Further illustrating this departure from the economic contrarianism of gold, bitcoin exchange traded products (ETPs) collected $1.3bn in new assets during Q1 2021. Meanwhile, gold ETPs saw a $10.9bn asset exodus, according to data from TrackInsight.

Overall, the average gold ETP saw $115m outflows during the first three months of the year, while the average bitcoin ETP saw $109m inflows. During March alone, bitcoin ETP assets under management (AUM) rose by 35%, to a total of $6.7bn.

Crypto undermined by its youthfulness

Another distinction is that with gold having been used for 5,000 years and bitcoin for just over a decade, the latter is probably too new to be awarded the same definition of ‘safe haven’ as its more long-standing counterpart.  

While haphazard regulation efforts and the arrival of institutional-grade products are reducing the opportunity for nefarious activity, ledger anonymity offers scope for money laundering.

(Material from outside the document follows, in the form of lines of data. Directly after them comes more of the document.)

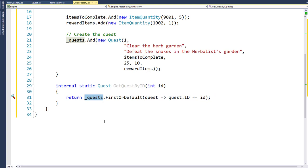So now we have everything in place to create quest objects through our QuestFactory, decide what items the player needs to turn in to complete the quest, and what items the player will get as a reward. I'll put a link in the description to the support page for this lesson, which also has all the source code. If you have any questions, leave a comment below or on the support page and I'll answer as soon as possible.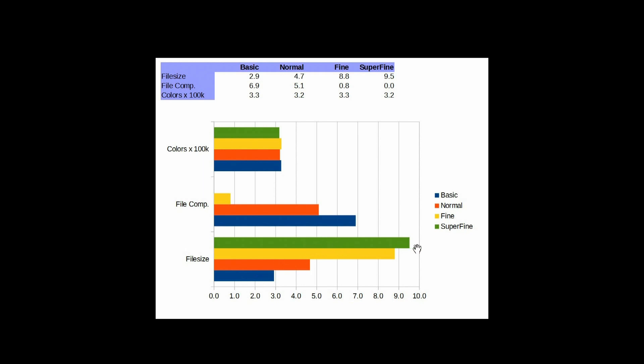And then, this is just a visual representation of the file sizes. The first one, the superfine being 9.5 megabytes and so on. So that basically sums it up. Hopefully, this enlightens you a little on the different recording modes for the JPEG settings and the PenF.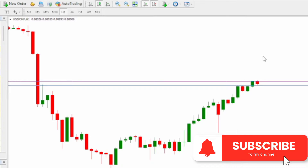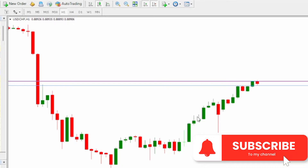To place a buy stop, go to New Order, then select your trading volume — let's say 0.05. Then choose the order type, select Pending Order, and under the type of pending order, select Buy Stop. At the buy stop, you'll put your price. When setting your buy stop, it must be at a price that is higher than the current market price.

Likewise, although exchanges have become more sophisticated in recent years, some will still remember landmark events such as hackers stealing $460m in bitcoin from the Mt. Gox crypto exchange in 2014. 

There are also fears that the significance of initial institutional involvement has been overstated.  

As said by JPMorgan in a report at the start of the year: “We believe that a significant component of last year’s institutional flows into bitcoin reflect speculative investors seeking to front run other more real-money institutional investors.” 

Supporting this, two of the most popular mechanisms used by institutions to track bitcoin’s performance were funds and futures contracts. 

Of those investing in funds, the largest holder of the popular Grayscale Bitcoin Trust (GBTC) at the time of the JPM report’s publication was the ARK Next Generation Internet ETF (ARKW) – a speculative strategy betting on disruptors. 

Likewise, coinciding with the start of bitcoin’s recent bull run, the number of bitcoin futures multiplied by a factor of four between the start of November and the end of January. 

“The frothy positioning in bitcoin futures is one manifestation of this speculative institutional flow,” the JPM report added. “Indeed, bitcoin futures, the preferred vehicle of speculative investors, saw a sharp increase in open interest.”

What does bitcoin offer?

Still more established with retail and millennial investors, bitcoin may well offer a hedge during periods of uncertainty, but its role is far more nuanced than just being ‘virtual gold’. 

For one, the crypto’s price is far more volatile than that of gold, and its forecast is less clear. Indeed, at the same time as JPMorgan’s gauges of ‘mean reversion’ for the asset were at record highs, the company also had a bitcoin target price of $146,000 – more than double its current level. 

Aside from being used as a buy-and-hold asset, the future could see bitcoin assume practical roles in virtual payments payment. This of course assumes bitcoin will remain among the frontrunners in crypto in the long run. 

For the foreseeable future, bitcoin investment offers a way of betting on its favour among investors and wider society, at least as much as it offers the hedging opportunities of assets such as gold.  

Offering a positive conclusion, Jason Guthrie, director of capital markets at WisdomTree, said: “Comparisons to gold might constrain the range of what bitcoin can do.” 

“We are still in the early days of the crypto story, but a lot of the early criticisms are beginning to fall away.”